By DORA HOPE.
Mrs. Wilson’s recovery was slow and tedious, even more trying to herself, perhaps, than to her nurses. She had always been particularly brisk and active, and had scorned to consider, or, as she said, “coddle,” herself in any way, and it was a great trial to her energetic, self-reliant nature to be waited on hand and foot, and watched over “like a baby.”
Ella, entirely unaccustomed as she was to illness of any sort, save her mother’s occasional attacks of asthma, thought the nurse was unnecessarily checking her aunt’s attempts to help herself, till Mrs. Mobberly explained to her what different treatment is necessary for different people, and how impossible it would be, with Mrs. Wilson’s active temperament, to prevent her from getting excited and over-tired if she once began to take any part in what was going on around her, although a little exertion might have been actually beneficial to one of a calmer and more indolent nature.

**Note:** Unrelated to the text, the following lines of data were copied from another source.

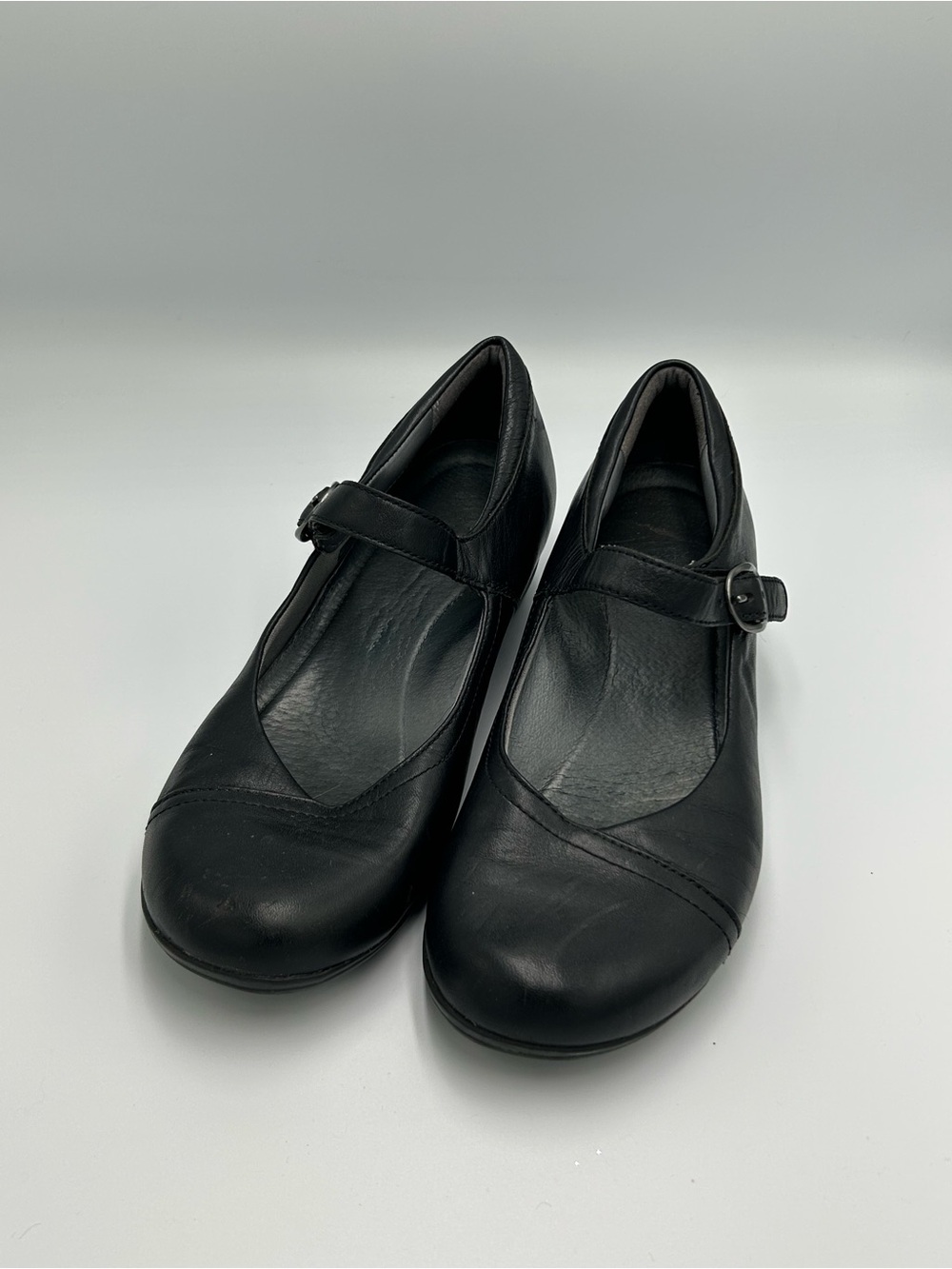 Dansko Fawna Mary Jane Black Leather Size 38 Classic Woman’s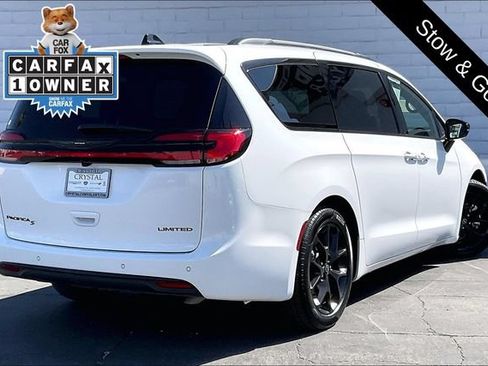 Used 2026 Chrysler Pacifica Limited w/ S Appearance Package FWD image 13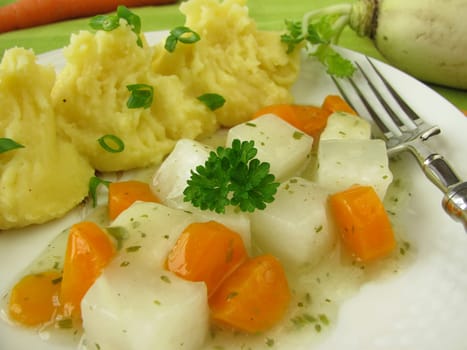 Radish vegetables with mashed potatoes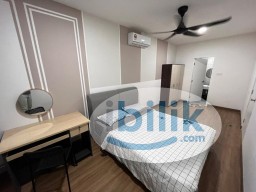Room Rental in Selangor - Female Unit👧🏻Walking distance to LRT🚆New Rennovation✅Master king bedroom with private bathroom located at Ara Tre, Ara damansara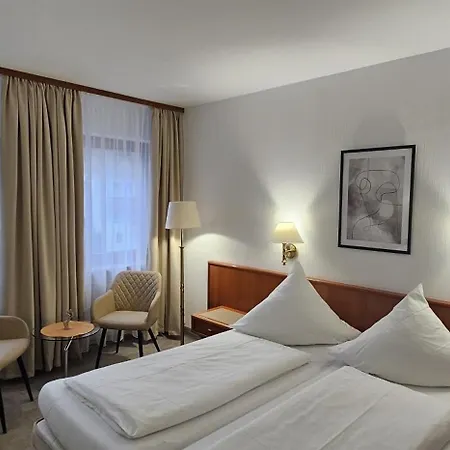 Hotel Garni Vierjahreszeiten-2
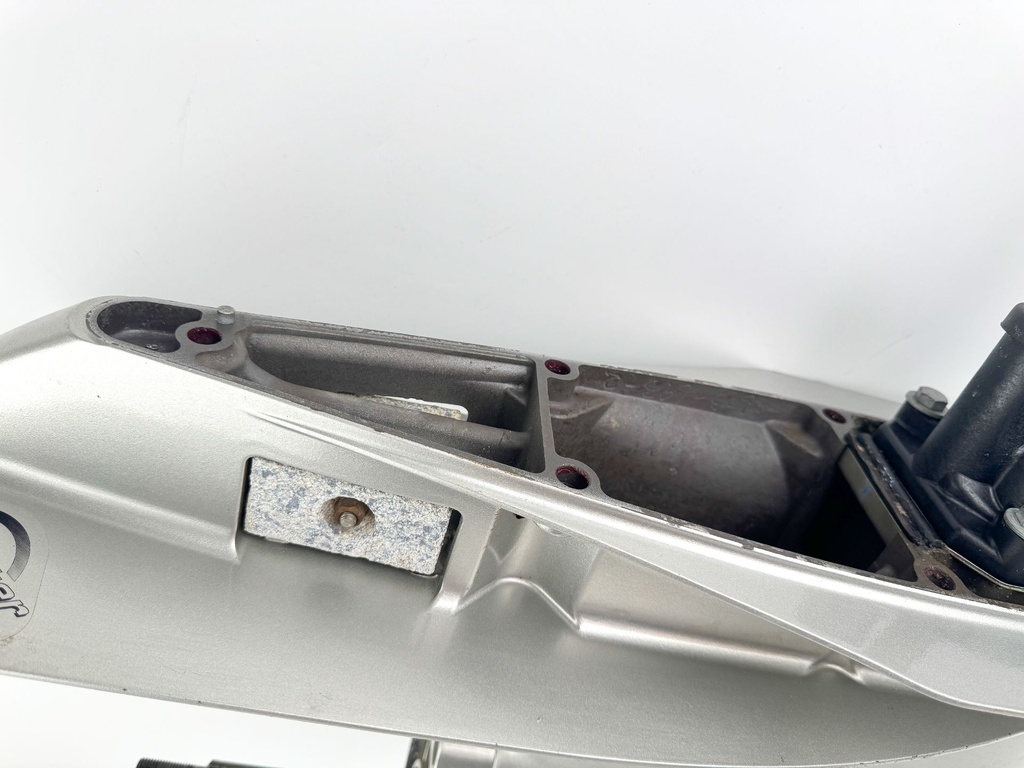 Honda BF 135 150HP 4 Stroke Outboard XL Lower Unit Gear Case - LH Counter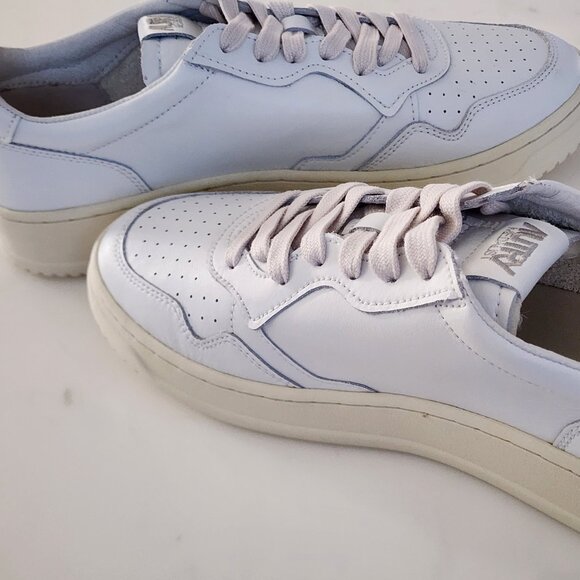 Autry Medalist Low Men's Sneakers LL15 โ Retro Style Meets Modern Comfort! - Picture 6 of 11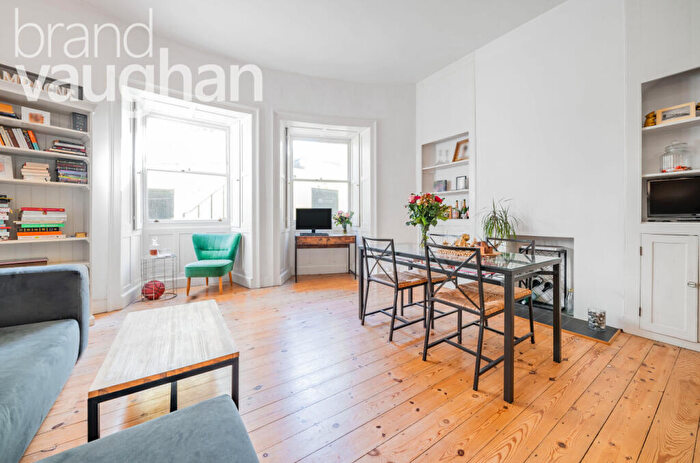 2 Bedroom Flat To Rent In Brunswick Square, Hove, East Sussex, BN3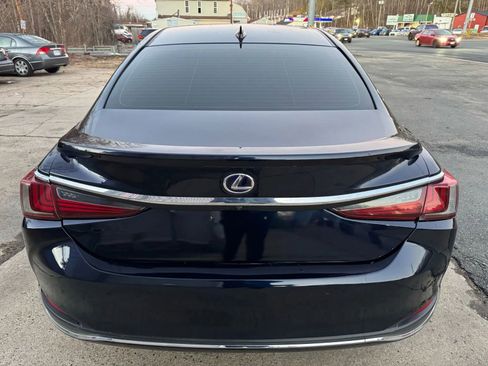 Used 2019 Lexus ES 300h w/ Premium Package image 8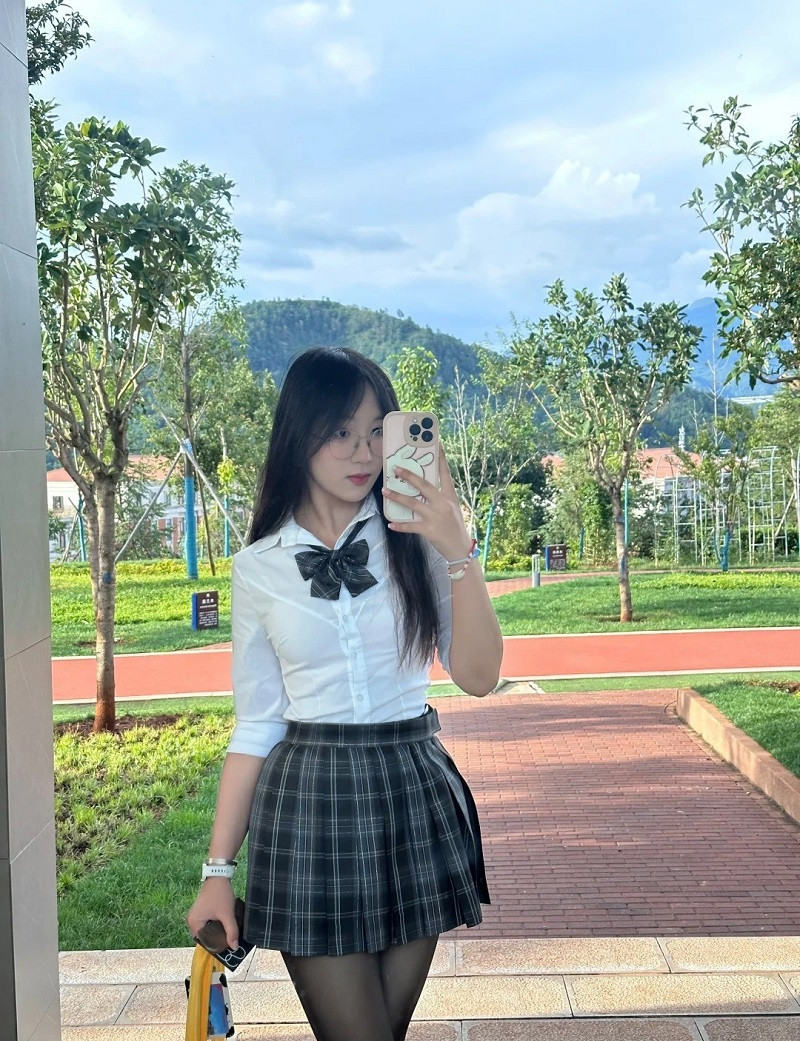 Chiêm ngưỡng 149+ ảnh gái xinh mặc váy xếp ly cute, đáng yêu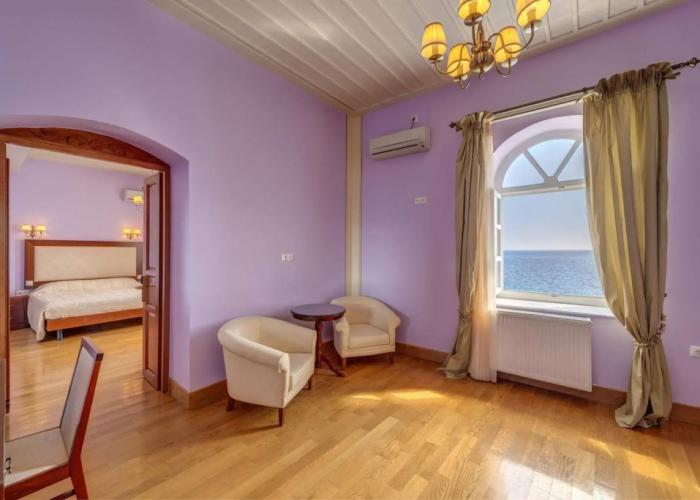 Apollonion Palace Hotel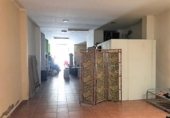 140m² commercial premises for sale in Oliva, photo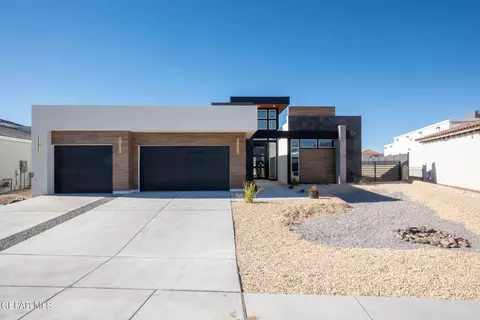 5811 Juniper Creek Crk, El Paso, TX 79932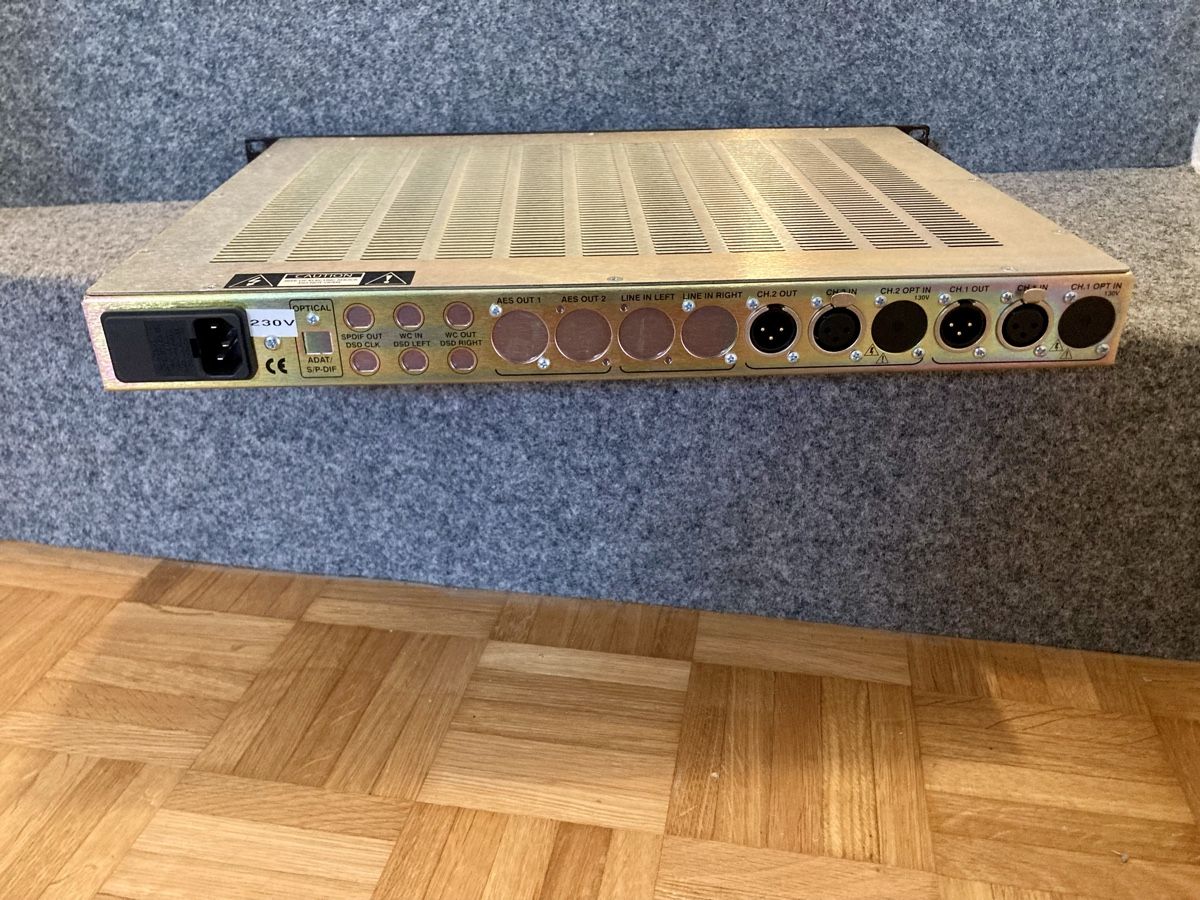 Strumenti musicali: Millennia HV-3C Preamp – Usato da Glattfelden venduto da Pedals 4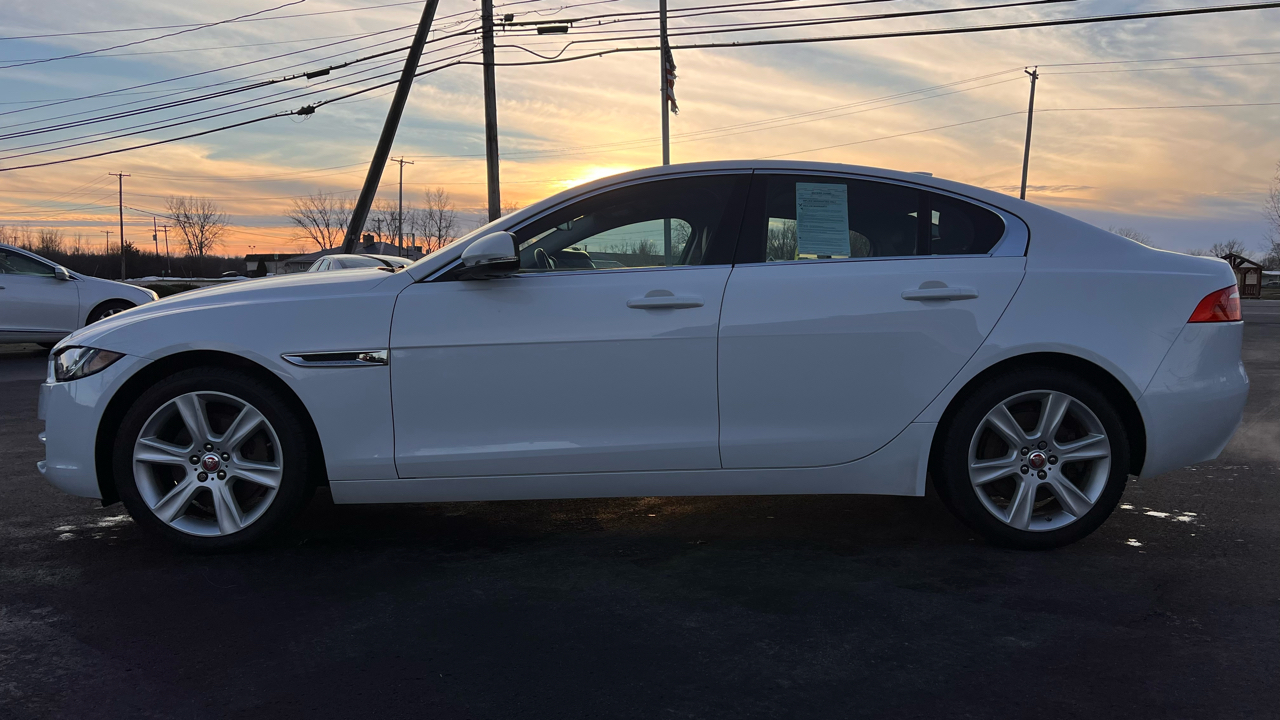 Jaguar XE 25t Premium AWD 2019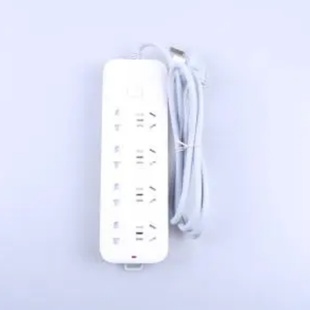 公牛B5系列 带儿童保护门新国标插座排插/8位 总控1.8米 GN-B5440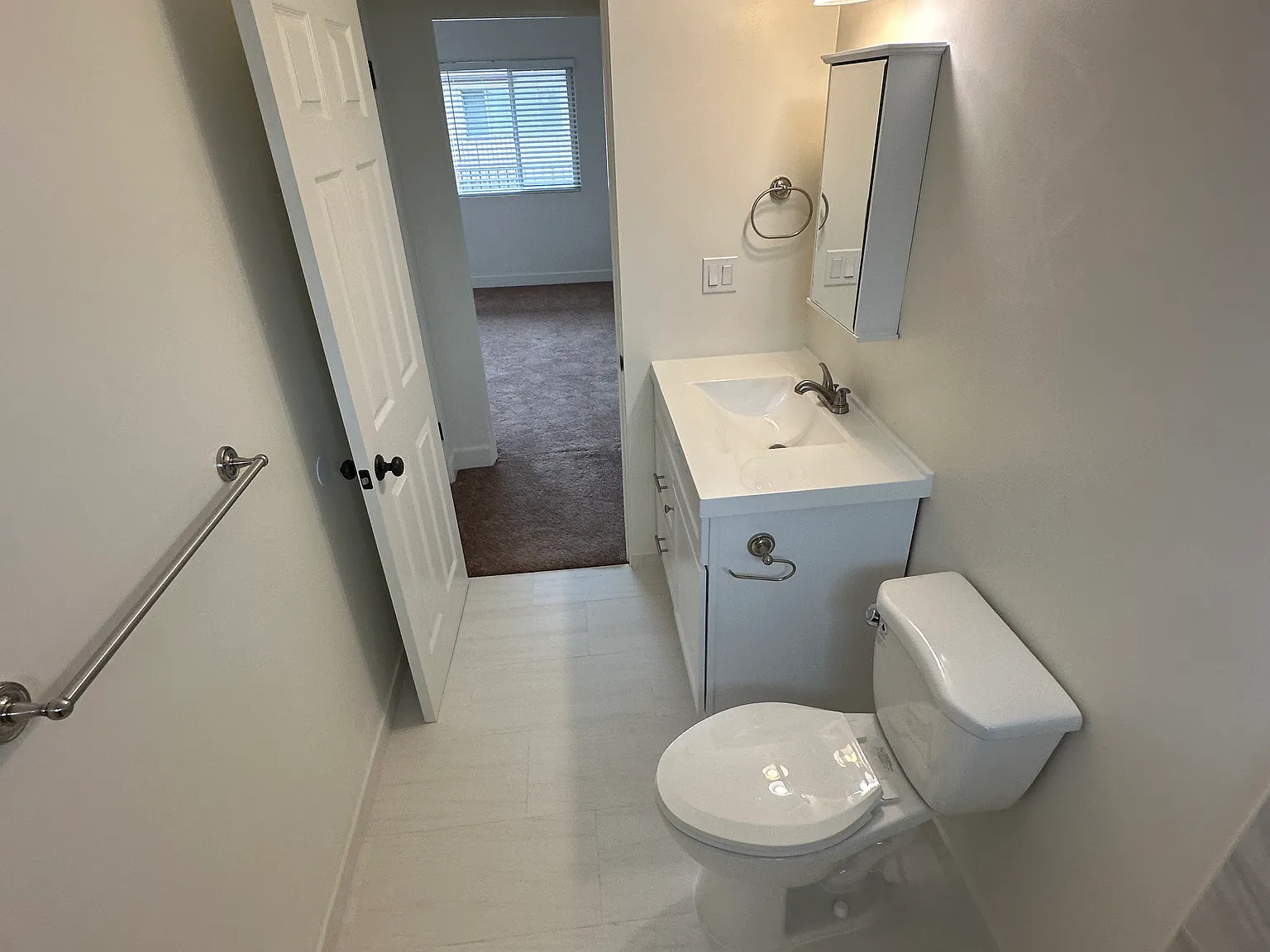 Studio, $2,495 — Photo 4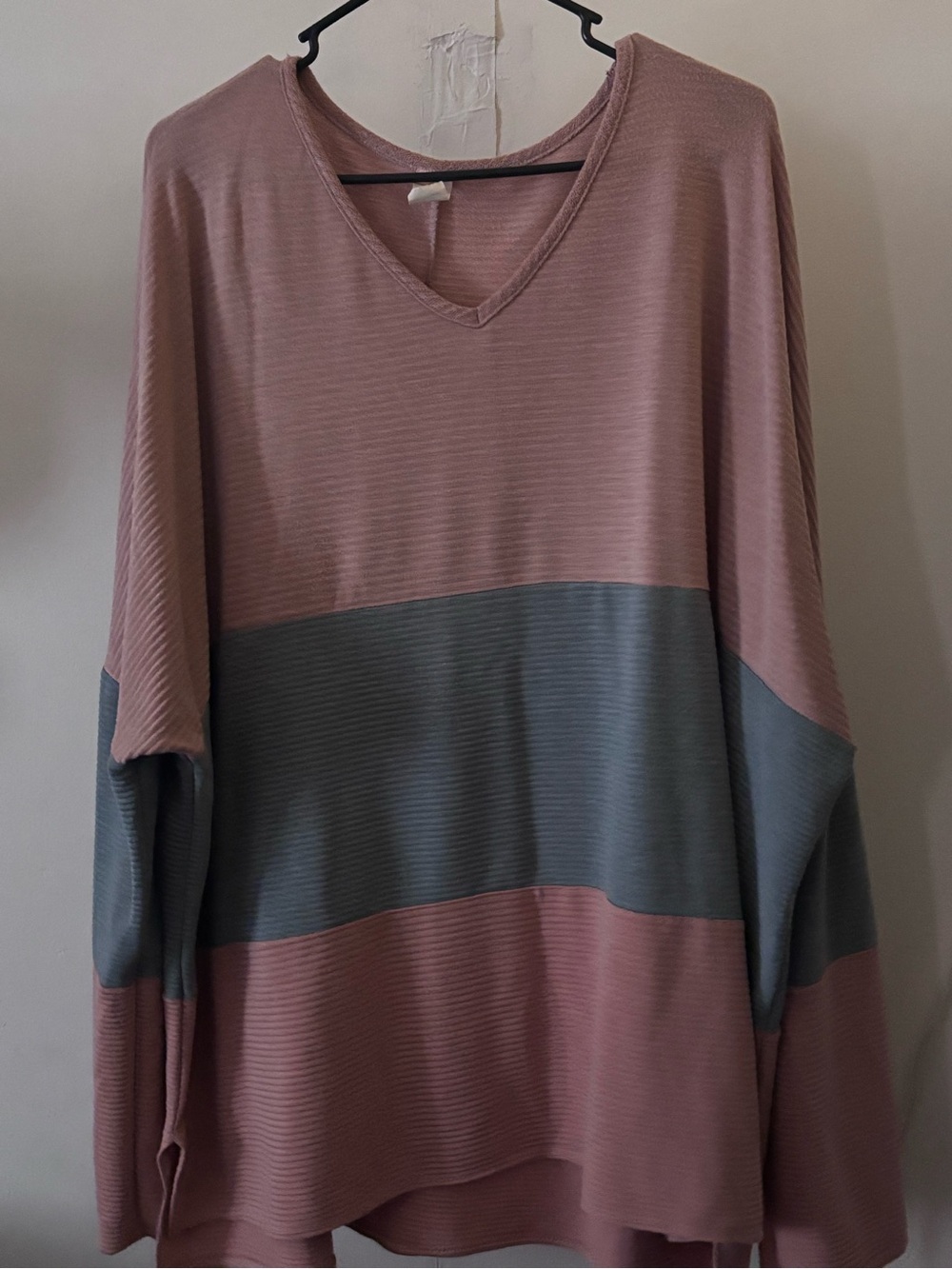 Colorblock V-Neck Tunic Top in Mauve and Slate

It seemed a long time before Mrs. Wilson was allowed any food more substantial than beef-tea, of which she wearied greatly in spite of the nurse’s many devices for varying it. She showed Ella how to alter the nature of it altogether by making it with half the quantity of mutton, or veal, instead of entirely beef; or with all three together. This not only made a pleasant change, but the doctor told them it was often found more easily digestible than when made of beef alone. Then again, both flavour and consistency were varied by adding cream, or an egg well beaten up, or thickening with corn flour, tapioca, wheaten flour, or rice, while at other times it was served clear, without either flavouring or thickening, or in the form of a jelly turned out of a tiny mould not larger than a teacup.
Gradually, however, Mrs. Wilson began to take more solid food, and then Ella’s great difficulties began. By the end of her first week’s experience of providing real meals for her aunt, she wrote to her mother that she had come to the conclusion that it was quite impossible to arrange dishes suitable in every respect for a sick room.
“Do pity the sorrows of a poor young housekeeper,” she wrote, “with three people to please, the doctor, the nurse, and the patient, and they all want something different. First comes the doctor, and tells me I must now devote my attention to making the dishes as nourishing as possible, as it is time aunt was picking up her strength again; so I crowd in all the strengthening things I can think of, and flatter myself I have made a mixture strong enough to restore the weakest invalid; and the consequence is that next day nurse tells me she has been up all night with her patient, whose supper was too concentrated to digest. Next time, inspired by nurse’s tale of sufferings, I make the simplest dish imaginable, which could not disagree with a baby, and it comes down almost untouched, with a sarcastic remark from Aunt Mary that when she is well she does not mind how plain her food is, but that in her present state of health she needs something to tempt the appetite a little. And yet——but I will draw a veil over the doctor’s reproaches when I ventured to make her a spicy little dish.”
But on the whole, in spite of her poor opinion of her own performances, Ella managed to supply the needs of the sick-room very satisfactorily; and she was much comforted on hearing from her mother that even the most experienced housekeepers find it a hard task to tempt the capricious appetite of an invalid, especially when it is necessary also that the food should be very nourishing, and at the same time so light as not to overtax the most feeble digestion, Mrs. Hastings sent her daughter a list of suggestions for little dishes for the sick-room, and added, at the close of her letter—
“At any rate, my child, if your task is difficult, as I know it must be, it is also satisfactory, for you can watch your patient each day able to take a little more nourishment, or a little more substantial food than the day before. You are saved the terribly sad duty of vainly trying to tempt an appetite which daily gets a little poorer, or of watching a dear one getting each day a little weaker, proving only too clearly that all your efforts are in vain.”
Happily Mrs. Wilson liked oysters, and, though she soon tired of them, as of everything else, they formed the basis of a number of tempting little dishes. The favourite of these, a suggestion of the doctor’s, was called “Angels on Horseback.” Ella was very anxious to know what the ridiculous name meant, but could get no information from the doctor, who said he had often wondered himself, but all he knew was that it was a favourite dish with invalids, and that was the name it had always gone by. Each oyster was taken from the shell, and the beard cut off, and was then rolled up in a very thin slice of bacon, tied round with cotton, and fried. Usually three of these little rolls were enough for a dish.
At first Ella’s generous nature led her into the mistake of sending up too large quantities of everything for the patient, but she soon learnt that a dish which would tempt an invalid if offered in small quantities, would be pushed aside in disgust if large and substantial-looking.